▶ _EXCERPTED DATA_

- - - - - - -

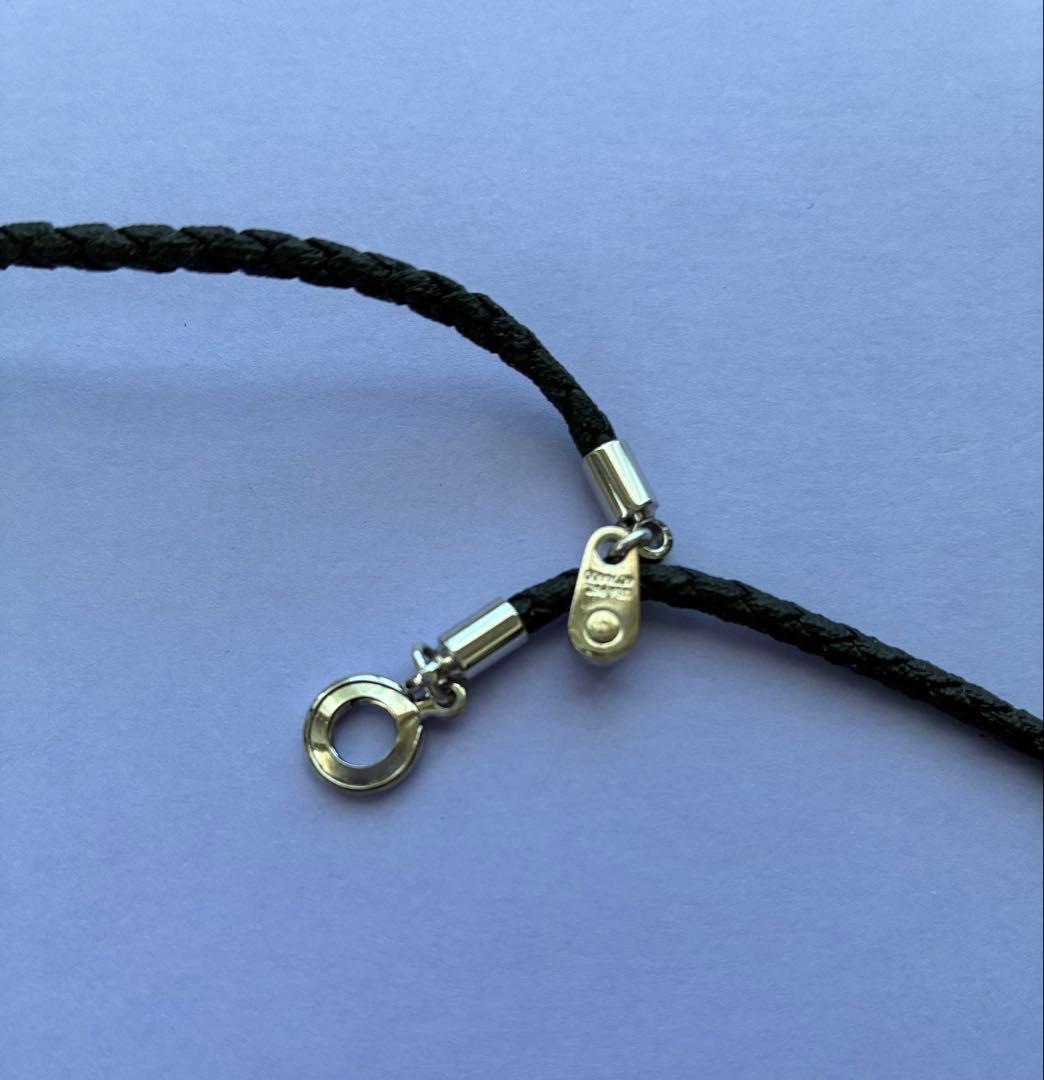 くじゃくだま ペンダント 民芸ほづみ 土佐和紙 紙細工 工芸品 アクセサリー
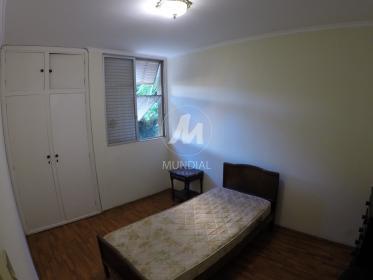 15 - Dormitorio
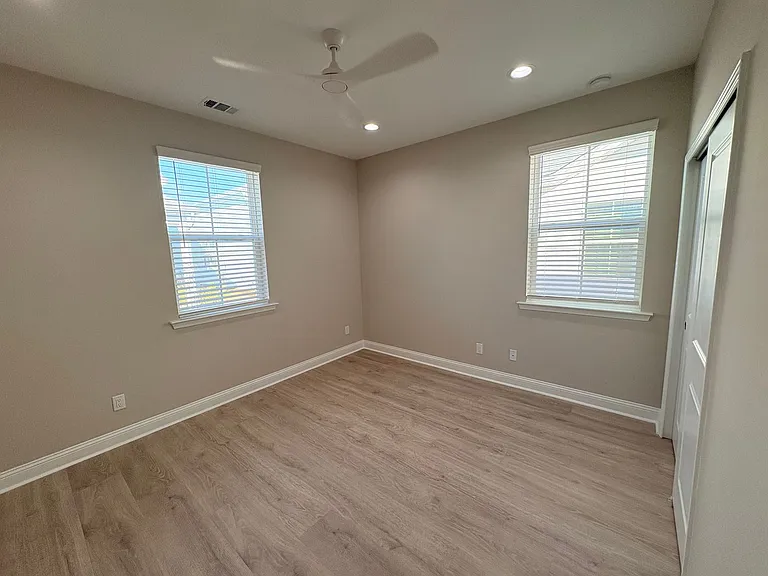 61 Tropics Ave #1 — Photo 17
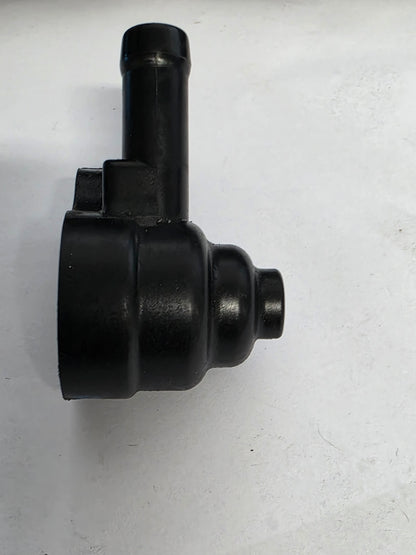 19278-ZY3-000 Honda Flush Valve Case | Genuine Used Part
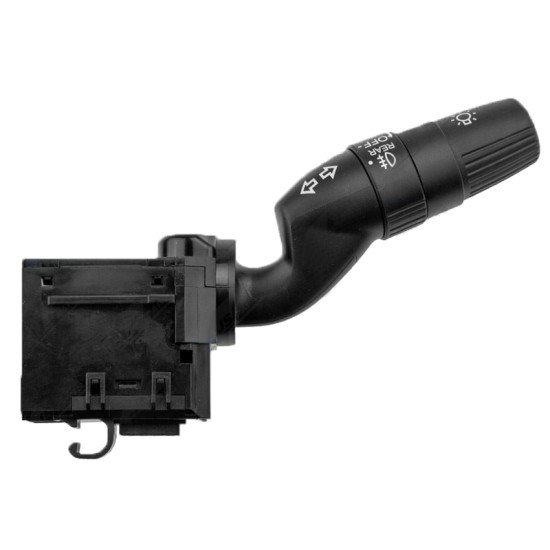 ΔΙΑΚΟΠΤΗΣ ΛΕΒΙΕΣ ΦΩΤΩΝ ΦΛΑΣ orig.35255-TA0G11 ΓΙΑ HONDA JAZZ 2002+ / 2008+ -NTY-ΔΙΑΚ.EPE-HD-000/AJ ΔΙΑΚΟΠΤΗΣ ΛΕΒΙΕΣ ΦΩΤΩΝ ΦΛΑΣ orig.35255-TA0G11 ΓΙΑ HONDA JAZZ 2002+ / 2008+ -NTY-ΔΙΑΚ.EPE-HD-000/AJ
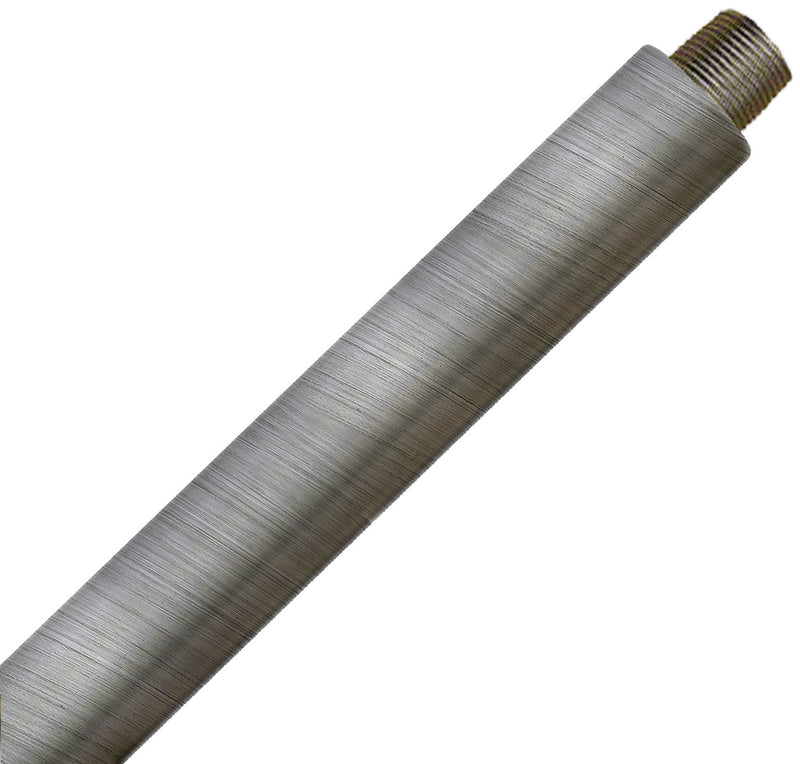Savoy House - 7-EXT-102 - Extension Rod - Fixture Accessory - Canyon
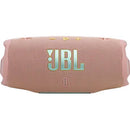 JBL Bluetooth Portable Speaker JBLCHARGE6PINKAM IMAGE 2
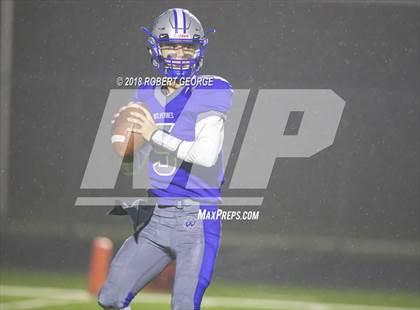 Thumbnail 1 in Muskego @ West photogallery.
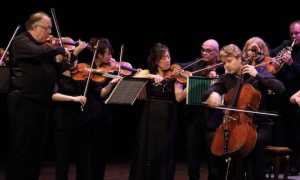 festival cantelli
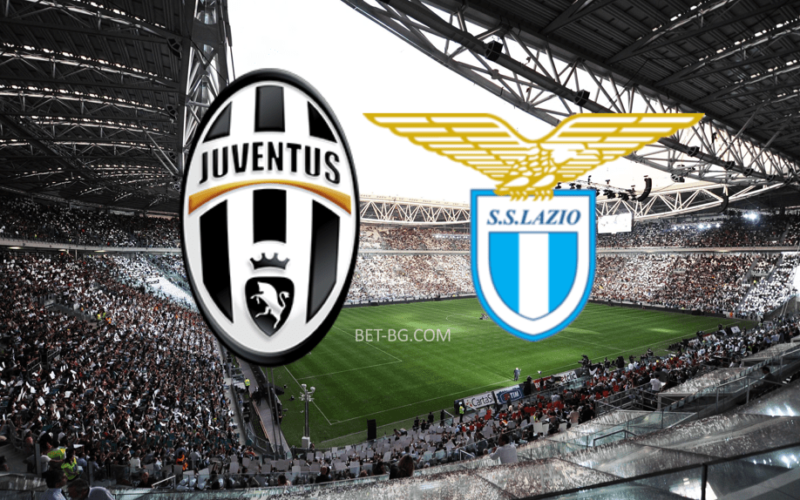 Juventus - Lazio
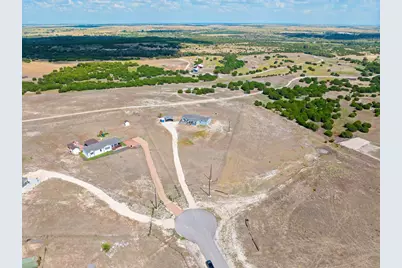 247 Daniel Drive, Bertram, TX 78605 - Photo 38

- - - - - - -

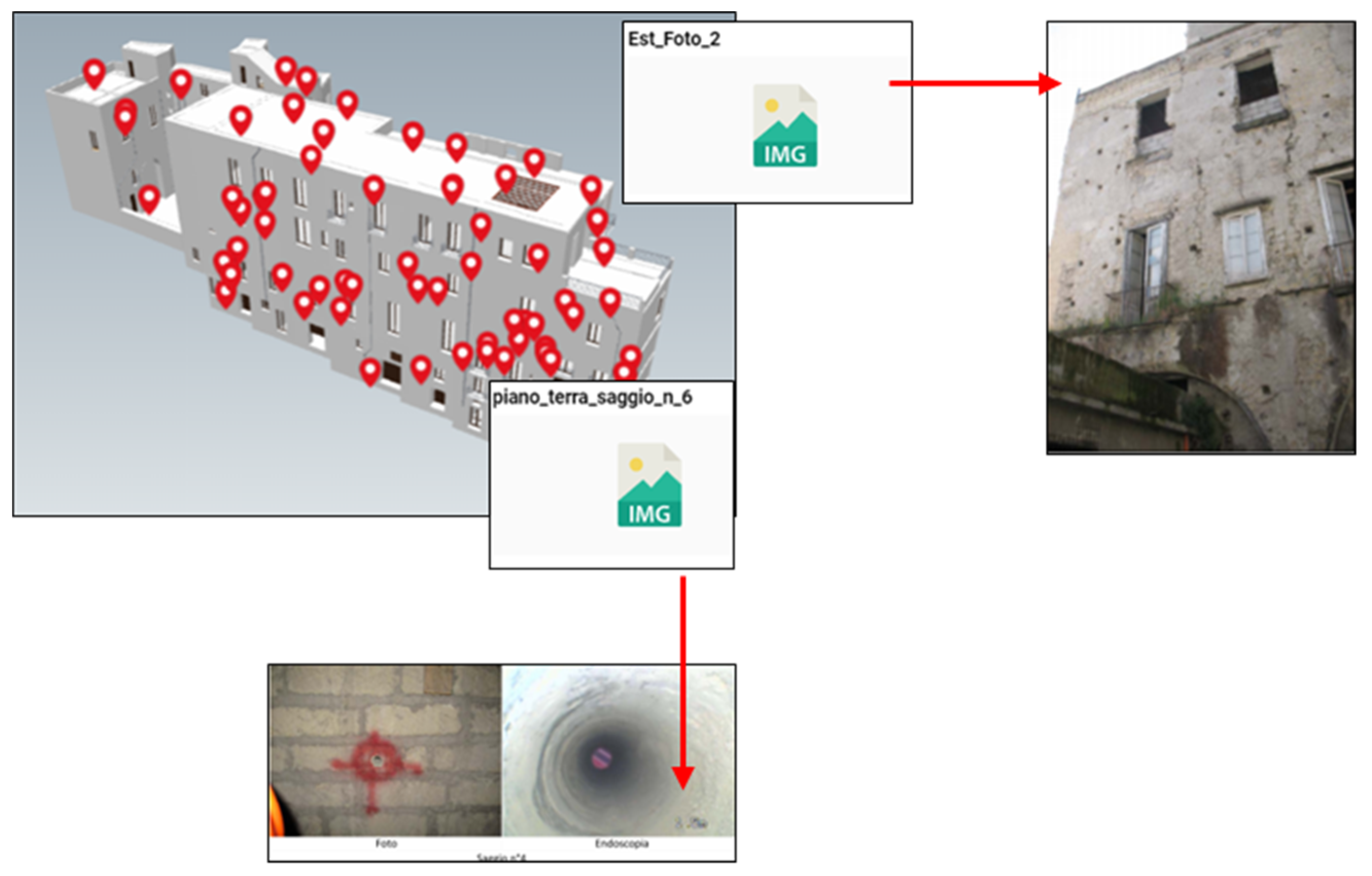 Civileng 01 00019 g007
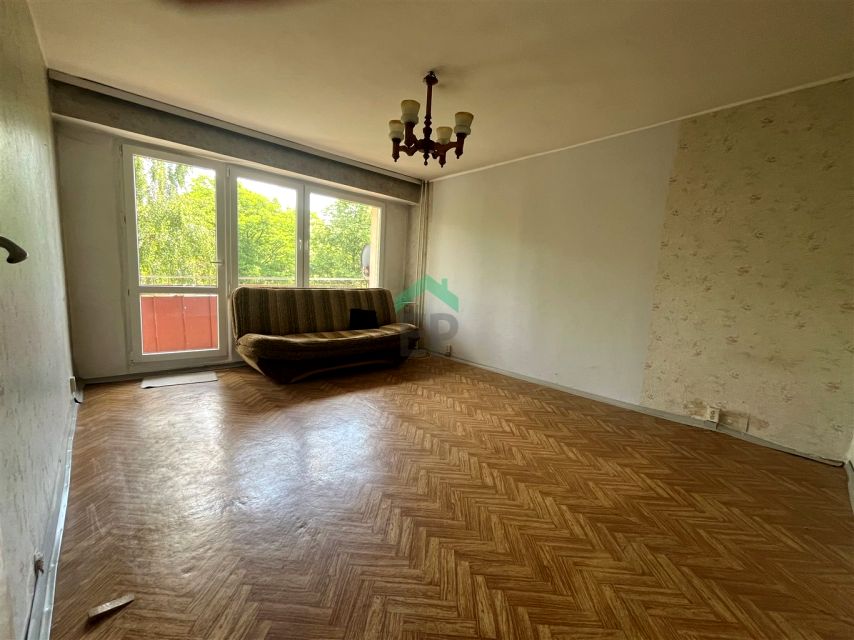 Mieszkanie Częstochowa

- - - - - - -

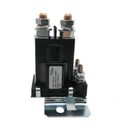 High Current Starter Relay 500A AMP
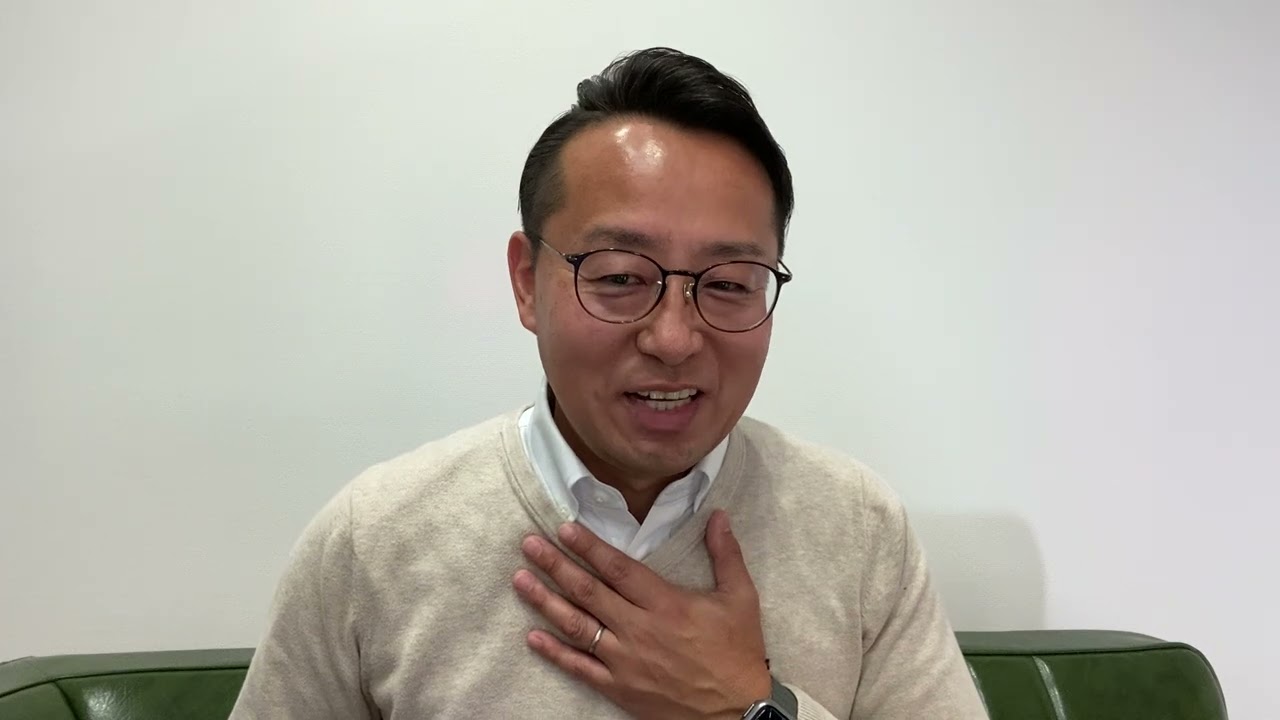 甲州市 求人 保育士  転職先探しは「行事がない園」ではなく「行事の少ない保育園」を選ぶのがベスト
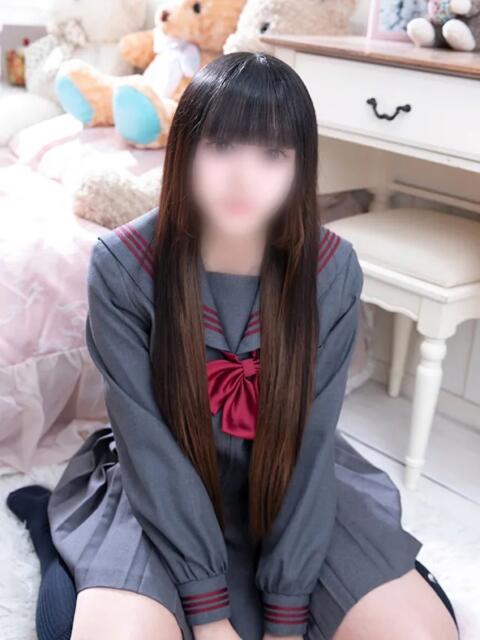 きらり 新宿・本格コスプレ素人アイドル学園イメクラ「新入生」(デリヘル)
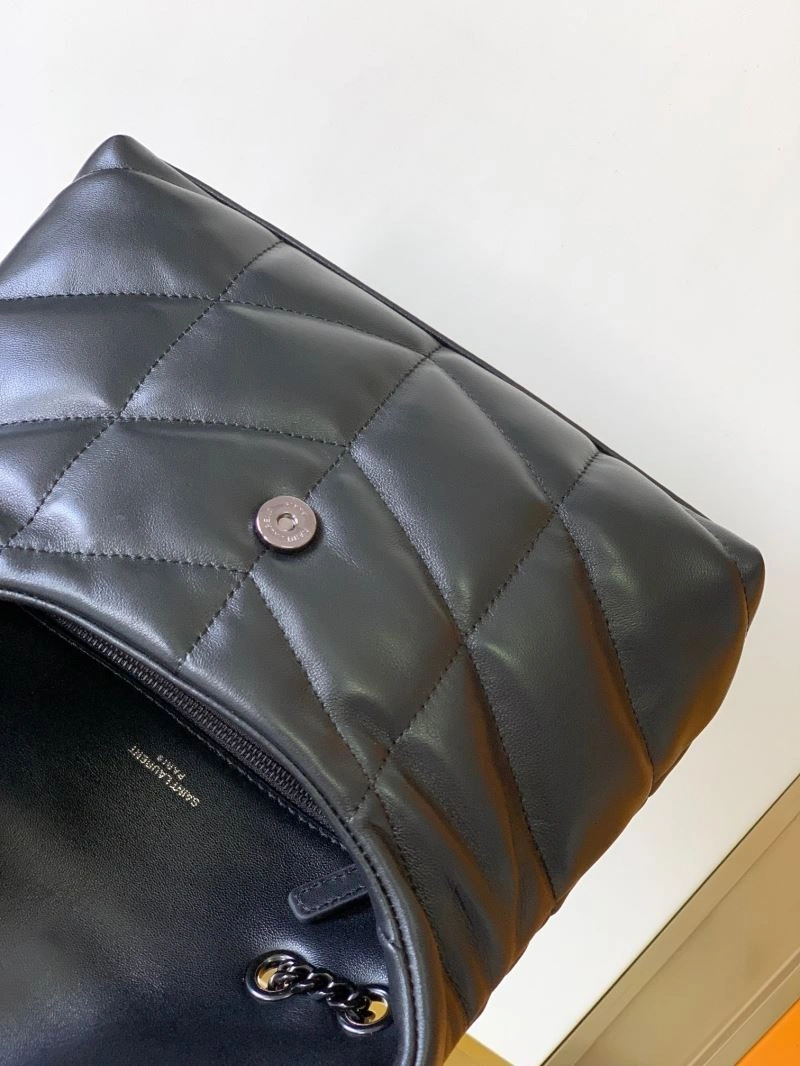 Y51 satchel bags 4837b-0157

- - - - - - -

▶ _INSTRUCTIONS FOR THE TASK_
Reproduce exactly the lines above starting at the line containing "くじゃくだま ペンダント 民芸ほづみ 土佐和紙 紙細工 工芸品 アクセサリー" and ending at the line containing "19278-ZY3-000 Honda Flush", including both, but not the pictures.

▶ _PROBLEM SOLUTION_
 くじゃくだま ペンダント 民芸ほづみ 土佐和紙 紙細工 工芸品 アクセサリー
 15 - Dormitorio
 61 Tropics Ave #1 — Photo 17
 19278-ZY3-000 Honda Flush Valve Case | Genuine Used Part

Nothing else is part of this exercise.